- DATA TO EXAMINE:
═══
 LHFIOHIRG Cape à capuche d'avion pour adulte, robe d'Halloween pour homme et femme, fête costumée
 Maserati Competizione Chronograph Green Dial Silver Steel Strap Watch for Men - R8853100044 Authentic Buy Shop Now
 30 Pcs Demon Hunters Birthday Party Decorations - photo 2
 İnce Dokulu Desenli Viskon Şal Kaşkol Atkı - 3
═══
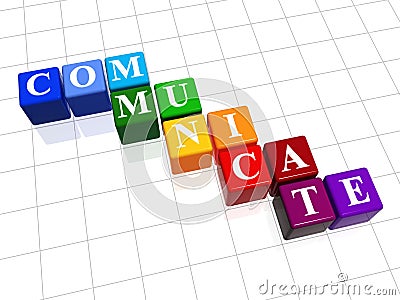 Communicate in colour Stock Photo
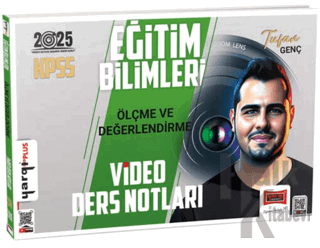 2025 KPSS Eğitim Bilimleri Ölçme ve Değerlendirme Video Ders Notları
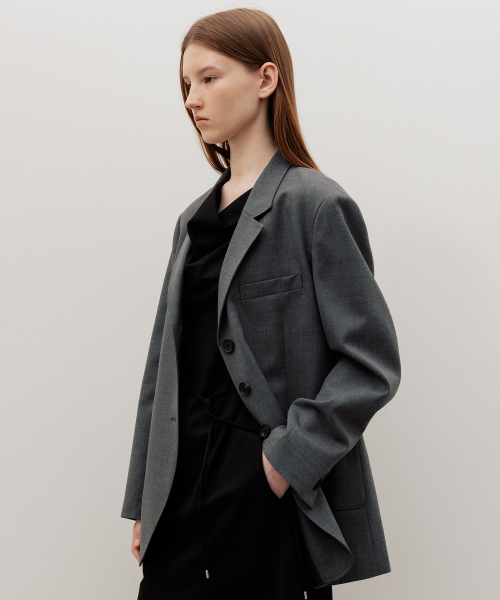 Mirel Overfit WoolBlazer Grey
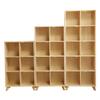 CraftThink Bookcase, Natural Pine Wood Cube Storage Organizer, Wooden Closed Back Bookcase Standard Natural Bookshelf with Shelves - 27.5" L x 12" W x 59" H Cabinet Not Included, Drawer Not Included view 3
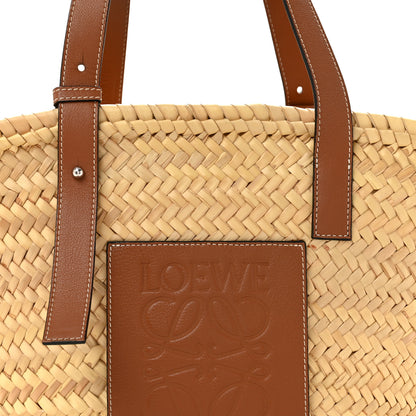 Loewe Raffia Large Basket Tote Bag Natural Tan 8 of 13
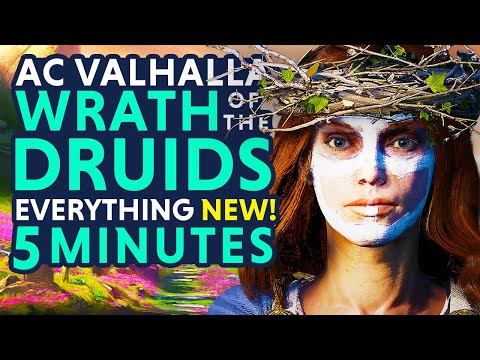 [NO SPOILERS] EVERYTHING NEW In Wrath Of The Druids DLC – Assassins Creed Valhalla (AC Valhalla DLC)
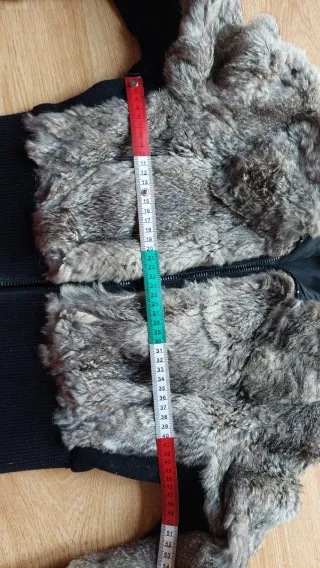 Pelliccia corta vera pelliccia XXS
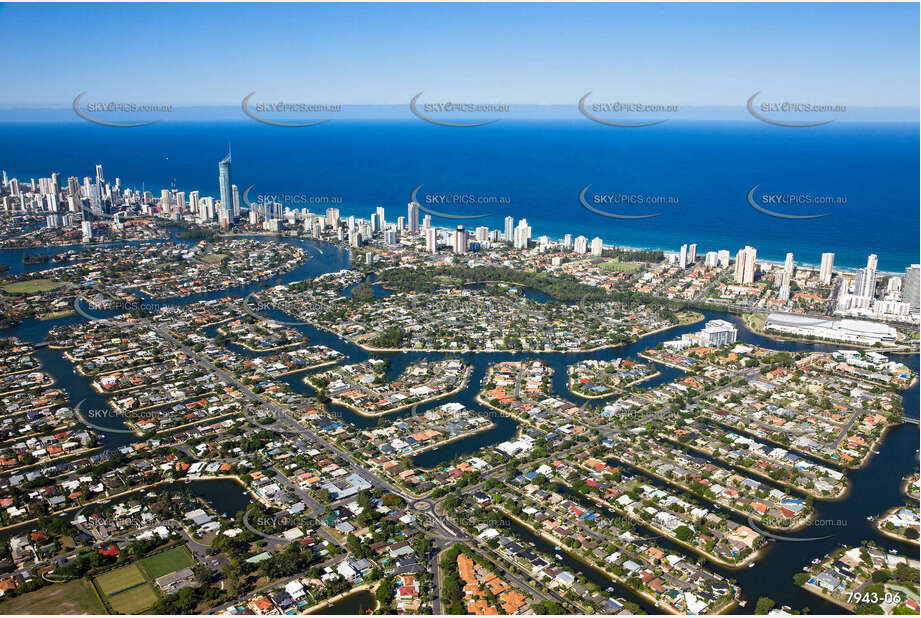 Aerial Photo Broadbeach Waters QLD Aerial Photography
═══
- WHAT TO DO:
Look back at the data above. Transcribe exactly the lines starting at the line that contains "LHFIOHIRG Cape à" and ending at the line that contains "İnce Dokulu Desenli".

- RESPONSE TO THE TASK:
 LHFIOHIRG Cape à capuche d'avion pour adulte, robe d'Halloween pour homme et femme, fête costumée
 Maserati Competizione Chronograph Green Dial Silver Steel Strap Watch for Men - R8853100044 Authentic Buy Shop Now
 30 Pcs Demon Hunters Birthday Party Decorations - photo 2
 İnce Dokulu Desenli Viskon Şal Kaşkol Atkı - 3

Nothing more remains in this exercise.